Ethical approval and animals

Timed pregnant Wistar rats were obtained from the Animal Resources Centre, WA, Australia. They were maintained at 22°C on a 12 hr light/dark cycle (0700–1900 hr) with pelleted rat chow and water available ad libitum. All procedures were conducted in accordance with the National Health and Medical Research Council Australia Code of Practice for the Care of Experimental Animals and were approved by the Monash University School of Biomedical Sciences Animal Ethics Committee.

Litter manipulation

On the day of birth (postnatal day (P) 1) all pups were removed from their dams and randomly reallocated to new dams in litters of four or 16 as previously described [3]. Care was taken that no dam received any of her own pups. Each new litter was made up of 50% males and 50% females. Excess pups were culled.

Following pup reallocation, the litters were weighed weekly as whole litter units, it having previously been determined that males and females show similar growth rates until after weaning [24]. At weaning the pups were separated into same-sex littermate pairs and left undisturbed, except for the usual animal husbandry, until experimentation. In these experiments we report data from 248 offspring from 32 litters. In each experiment we used a maximum of two rats per sex per litter. In total we used 10 CL and 22 SL litters. Such differences in N relate to the numbers of experimental animals our manipulation generates (i.e. 16 per litter from CL and 4 per litter from SL). We did not match these in order to avoid unnecessarily killing animals. However, every experimental group contained representatives from at least three litters to control for potential maternal effects.

Fat mass measurements

At either P14 (juveniles) or P84 (adults) a cohort of rats was deeply anaesthetized with Lethabarb (sodium pentobarbitone, Virbac, Australia; approximately 150 mg/kg intraperitoneal). We then assessed whole body composition, including adiposity, bone, and lean mass, using a small animal (juveniles) dual energy X-ray absorptiometry (DEXA; Lunar PIXImus X-Ray Densitometer System, PIXImus, Fitchburg, WI, USA) or a large animal (adults) DEXA (Hologic Discovery A, Bone Densitometer, Hologic, Inc. Bedford MA, USA; juveniles n = 4–10 rats per group, adults n = 4–11 rats per group). A second cohort of rats at these ages was anaesthetized then quickly decapitated to obtain blood samples for detection of plasma leptin (see below) The fat mass in the individual depots was determined by dissection. Inguinal fat was dissected as representative of subcutaneous fat and retroperitoneal was considered representative of abdominal fat (juveniles n = 8 rats per group, adults n = 9–12 rats per group).

Leptin measurements

Blood samples were kept on ice until the end of the experiment, when they were centrifuged and the plasma aliquots stored at −20°C until assayed. A standard leptin ELISA (Millipore, Billerica, MA) was used to assess plasma levels. Inter-assay variability  = 2.95–3.93% coefficient of variation (CV), intra-assay variability 1.88–2.49% CV, and lower limit of detection 0.2 ng/ml. Samples from all treatment groups were assayed together (n = 6 rats per group).

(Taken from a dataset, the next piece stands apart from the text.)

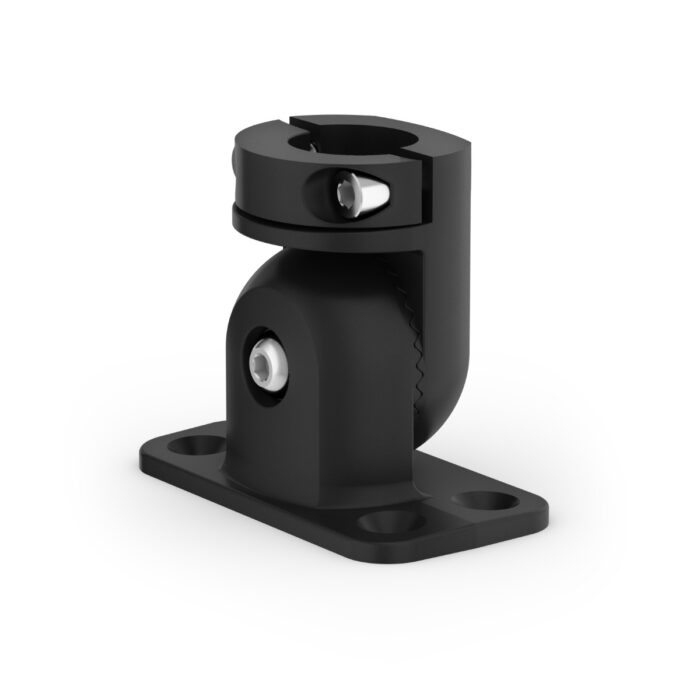 Fusion® XS Series Wake Tower Flat Mounting Bracket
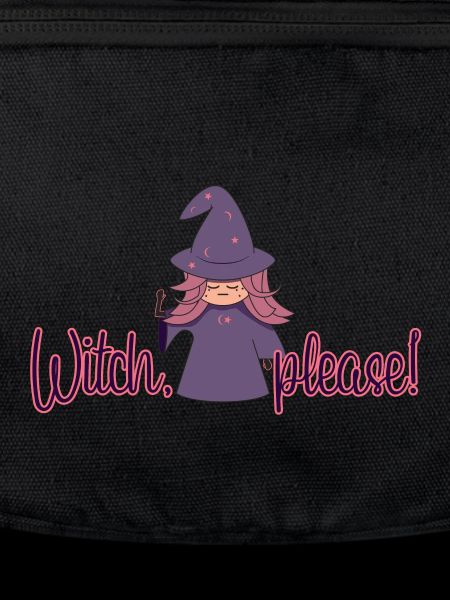Witch, please!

Brown adipose tissue thermogenesis

At P63, 70, or 77 a separate cohort of rats was anaesthetised with isofluorane (induced at 5% and maintained at 2%) and a sterile, silicone coated temperature-sensitive telemetry probe (Datasci, St Paul, MN, USA) implanted between the lobes of the interscapular BAT [25]. A preprogrammed temperature data logger (SubCue Dataloggers; Calgary, ALB, Canada) was also implanted in the abdomen. After four days recovery from surgery [26] the signal from the telemetry devices was recorded continuously and sampled at 5 min intervals for five days. These experiments were staggered by one week as we only had the capacity to run eight rats in the telemetry setup at any one time. The groups were randomized so that two males and two females from each group were run together (n = 6 rats per group).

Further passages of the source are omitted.